Tensions boiled over late last month when dozens of French boats confronted a handful of British rivals in the waters to keep them from the area, with a few vessels ramming others as angry French fishermen threw stones and smoke-bombs.
"We managed to get an agreement. Tonight at midnight, they (the British fishermen) will leave the area in the Channel's east and will only return on November 1," French industry representative Pascal Coquet told the AFP news agency.
French fishermen have been incensed that British scallop boats can access the area, while French boats are only allowed to fish there between October to May in order to protect stocks.
The French side had hoped to end a loophole that exempts British boats smaller than 15 metres long, giving them first dibs at one of the main scallop sources off the French coast before the official season.
However, it failed to get the smaller British boats banned.
"We were forced to drop the 15-metre requirement," Coquet said, because time was running out as British boats were "ravaging" the fishing stocks.
"It is in order to avoid catastrophe. They fish everything and there are other altercations," Coquet said, adding that he is satisfied with the compromise even it came "a little late".
The French side also agreed to give the British fishermen an additional fishing quota, he said.
'Better than no deal'
Jim Portus, the chief executive of Britain's South Western Fish Producers Organisation, agreed it was "a compromise".
"It's not the best deal... but it's better than no deal," Portus said.
Britain's Fisheries Minister George Eustice commended the UK fishing industry for "its patience throughout negotiations and welcome this pragmatic outcome".
The deal came after weeks of bitter negotiations between representatives of both sides.

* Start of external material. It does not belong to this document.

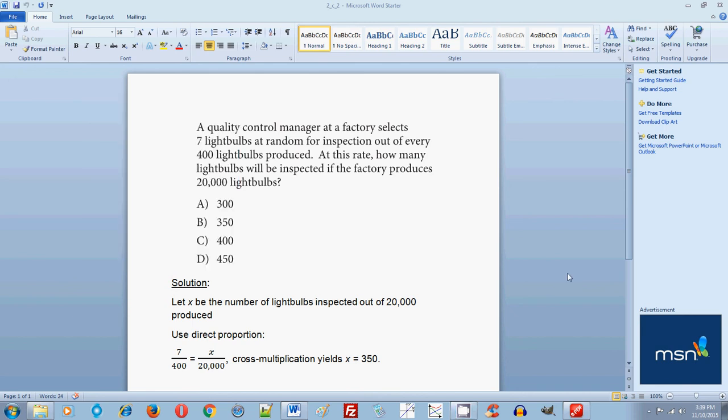Hello everyone, welcome to my free online tutorial for the new SAT math section. This problem is problem number 2, practice test 2, section 4, calculator allowed. And this practice test is found in the new SAT official study guide, just released by College Board.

Under a preliminary deal reached in early September, it seemed UK boats under 15 metres would also be barred, but talks in London fell apart last week when British fishermen demanded more compensation than the French side could stomach.
"It's a loophole that we've been condemning for five years," Normandy fishing chief Dimitri Rogoff previously told AFP of the small-boat exemption.
The new agreement must now be endorsed by both governments, France's agriculture ministry told AFP.
The issue has become even more sensitive given the uncertain future of arrangements for fishing in the area after Britain leaves the EU in March 2019, particularly if the UK has to quit without securing a withdrawal deal.
The Seine-Maritime region's local MP Sebastien Jumel said in a statement late Monday that the "raids by fishermen across the Channel and the significant damage to our local fisheries raise the question of defending the interests of our fishing industry".
Along with several local mayors, he demanded that the French fishing industry "not be relegated to the second rank of interests that France defends during negotiations" over Brexit.